How about lobotomies? Or how about something NOT involving putting sharp objects in people's heads? Where's the fun in that?
Don't even think you are touching me with a surgical knife! He cannot even touch us anyway. Though I will have choice words if the owner of this body gets harmed in any way... Calm down guys. No one is doing anything to anyone. Right, Rock?
Fine, fine. So, Curtis, why not get dogs... or hire Justin Bieber to house sit? That would keep people away. I think he's more of a cat person. So... a tiger then?
Regenerates, technically. Callista keeps a specific chamber set aside for that purpose. It's basically like a save-state in a console emulator, except she also remembers whatever it is that kills her last. Much as I like the thought, I still have to share a house with five cats. I'd rather keep tigers and cheetahs out of my room. (And we've never had much success with dogs, truthfully.) I've managed to distract her with my cats before, though. She thinks they're adorable. Kitty~
Cats can be pretty cute. It just they are indifferent to us existing if we don't need to feed them or happen to be in house.
What I find weird is that several of the cats go absolutely nuts about me, and I'm not even the one that takes care of them. How does that even make sense?
Cats can be pretty different in their behavior. Honestly I do think they have personalities of their own. Some maybe affectionate. Some maybe loners. Some maybe a mix of the two. Hell there are some that are absolute trouble makers.
Cats are as complicated as people. That's why there are crazy cat ladies they wanted lots of children.
My mom's cat likes to lay in front of the fridge and attack my feet. The little butt licker scratched the hell out of my ankle a few minutes ago so I flung a handful of tap water at him.
That's why I have dogs, of course they make it hard to type when they are both demanding scratches at the same time.
I'd say he got off easy. He's a spoiled little brat. Come on, hon. You know he's cute. He's still a little turd.
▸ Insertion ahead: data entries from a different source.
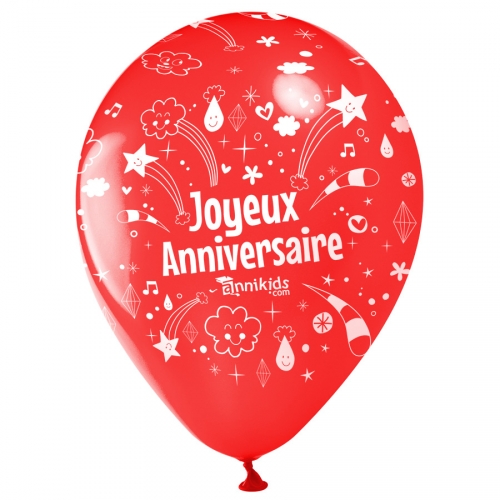 10 Ballons Joyeux Anniversaire Annikids Rouge Pour L Anniversaire De Votre Enfant Annikids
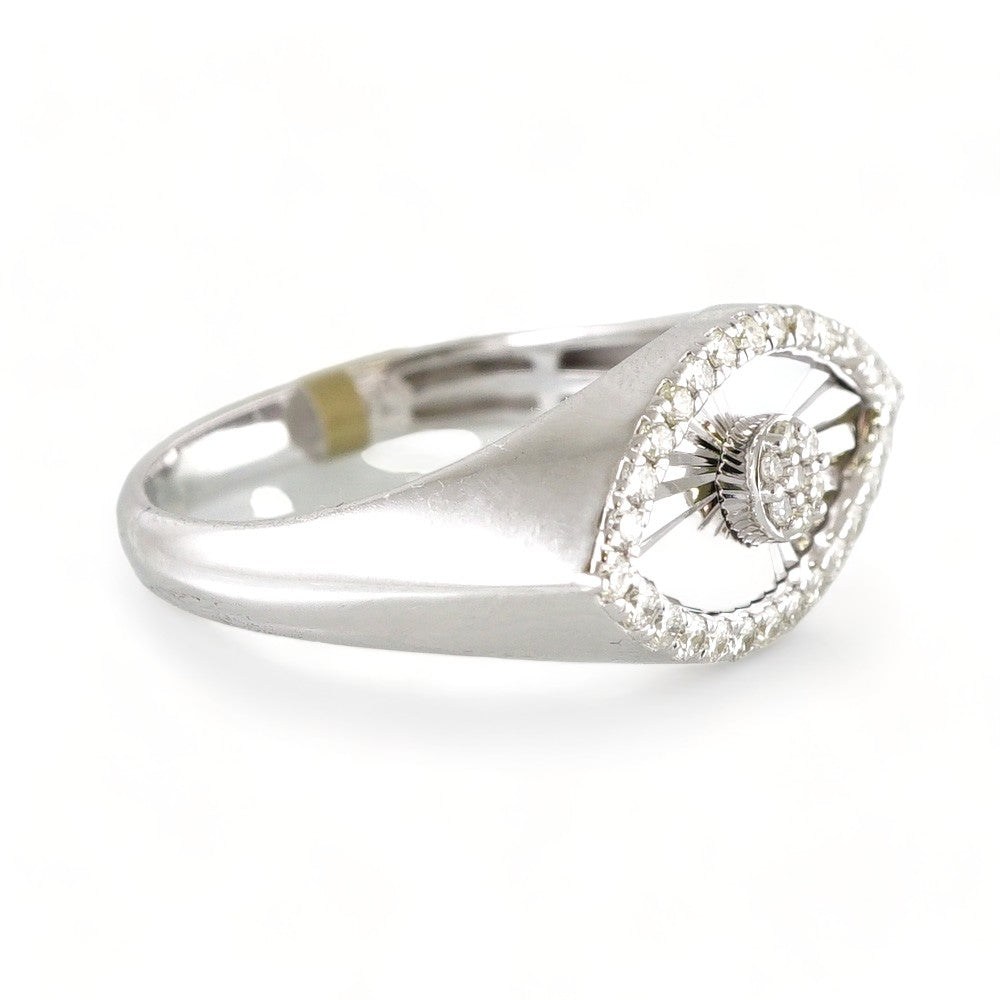 10k White Gold Diamond Eye Ring image 1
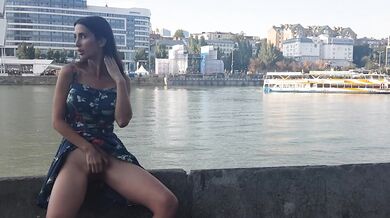 Horny diver on a masturbating girl on the river bank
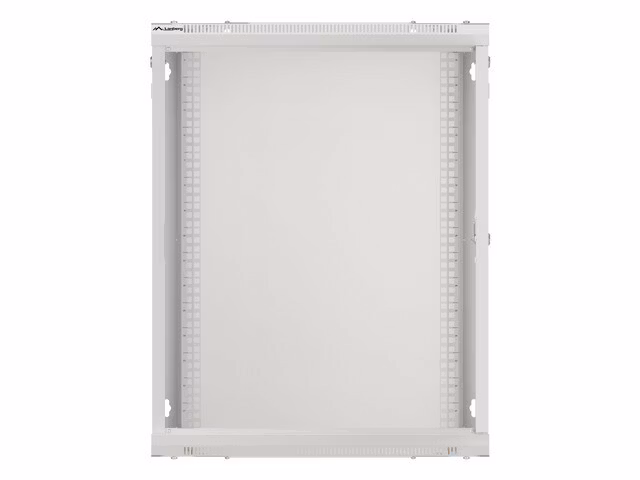 RACKSKÅP 19" VÄGGMONTERAT 15U/600X450 (FLAT PACK) MED GLASDÖRR GRÅ LANBERG V2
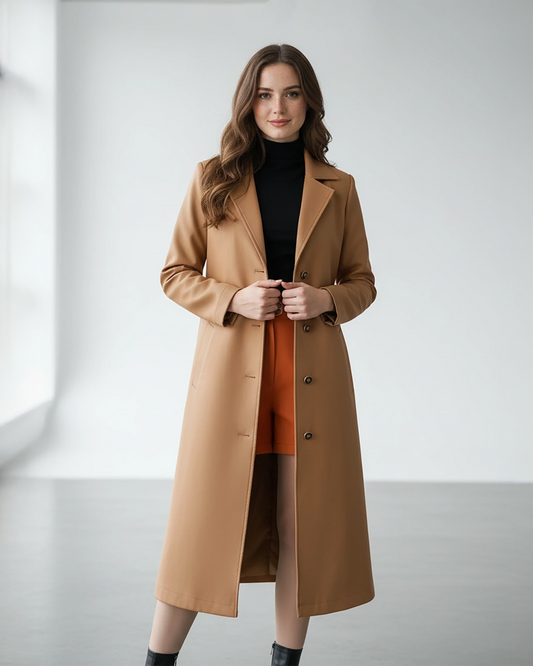 Chic Camel Wool Trench Coat – Sophisticated Long-Length Outerwear with Button Detail | 25T35T6P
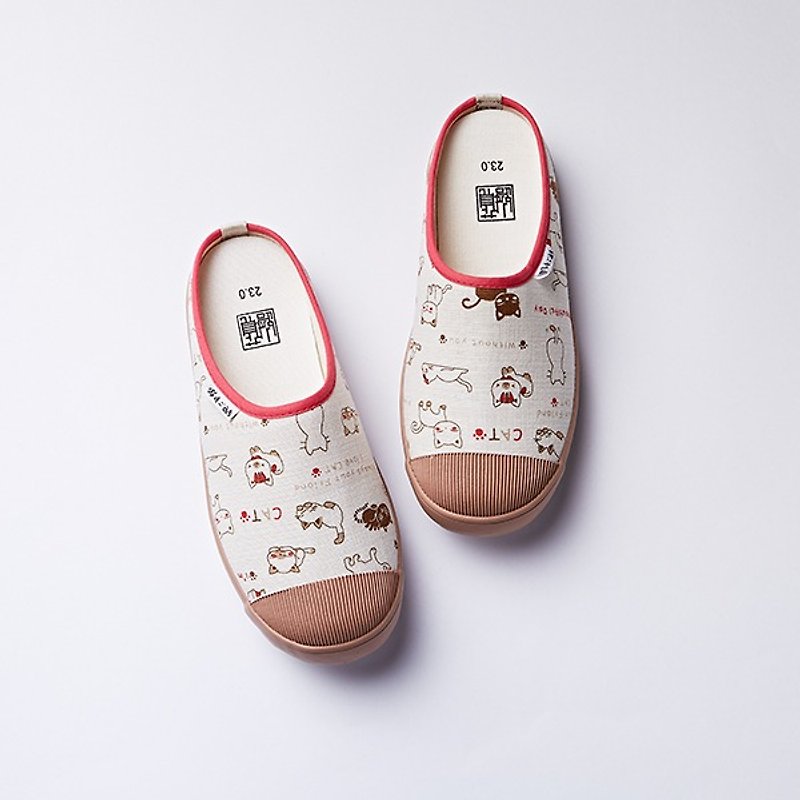 The last three pairs on the 26th day chocolate cat [lazy] canvas insole Edition / Walking slippers - Women's Casual Shoes - Other Materials Brown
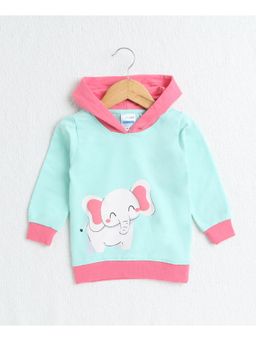 Bumzee - Mint Green & Pink Girls Full Sleeves Cotton Hooded Sweat-Shirt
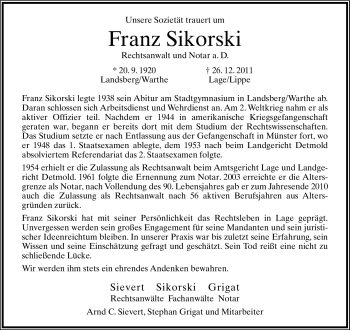 Anzeige  Franz Sikorski  Lippische Landes-Zeitung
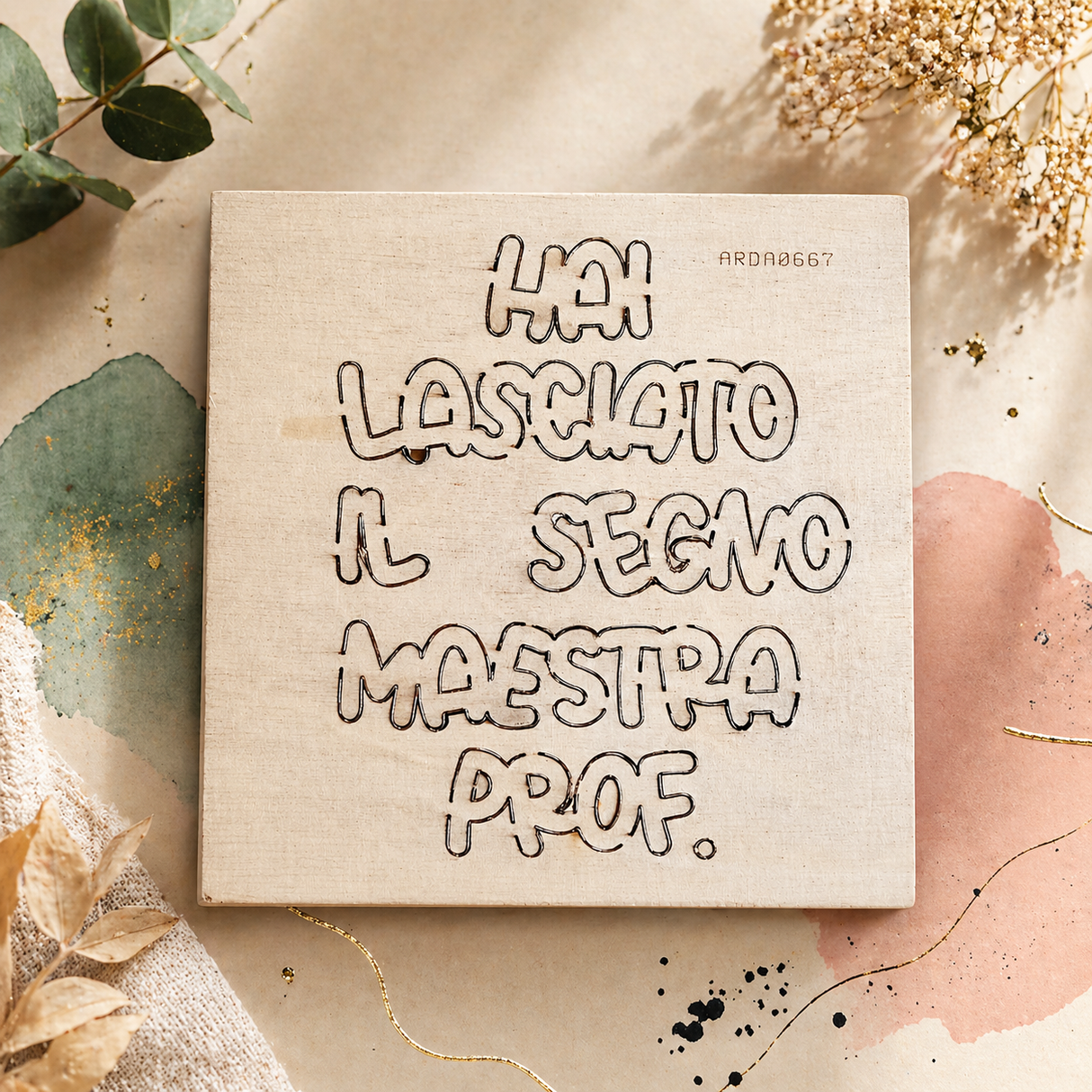 Fustella "Scritta Hai lasciato il segno Maestra , Prof."
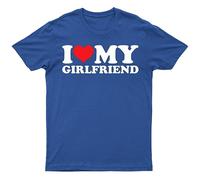 I Love My Girlfriend World's Best Girlfriend Soulmates Forever T-Shirt Men's Unisex Tee Love Top Royal M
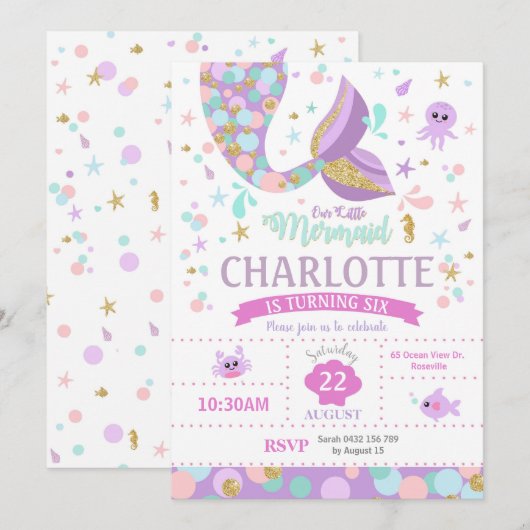 Mermaid Birthday Invitations Mermaid Pool Party Kaart (Voorkant / Achterkant)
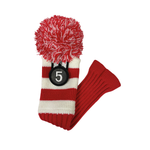 Majek Golf Club 1 3 5 White and Red Limited Edition Driver and Fairway Wood Head Covers Fits 460cc Drivers Tour Knit Retro Vintage Pom Classic Headcovers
That they do. With Gianna and Callista's passing, Clover's the oldest cat in my house, and she's been making the transition from beleaguered tomboy to grouchy old lady recently. Magglio is fairly aloof during the day, but goes absolutely nuts for attention at night and loves being sung to. Annabella's the most feral of the group, and while she doesn't mind attention it has to be on her terms; if we pet her, she has to see it coming first or else she'll lash out. Missy Coco has the sort of unerring faith in humanity that can only come about by being a total airhead: she loves everyone unconditionally and has little, if any, concept of danger. Our youngest, Philomena, is a walking cement block who bounds for the top of the piano whenever I leave my room and starts hollering at me to pet her. They're a rather varied bunch. About the only real thing they have in common is that they all like my Mom to varying degrees.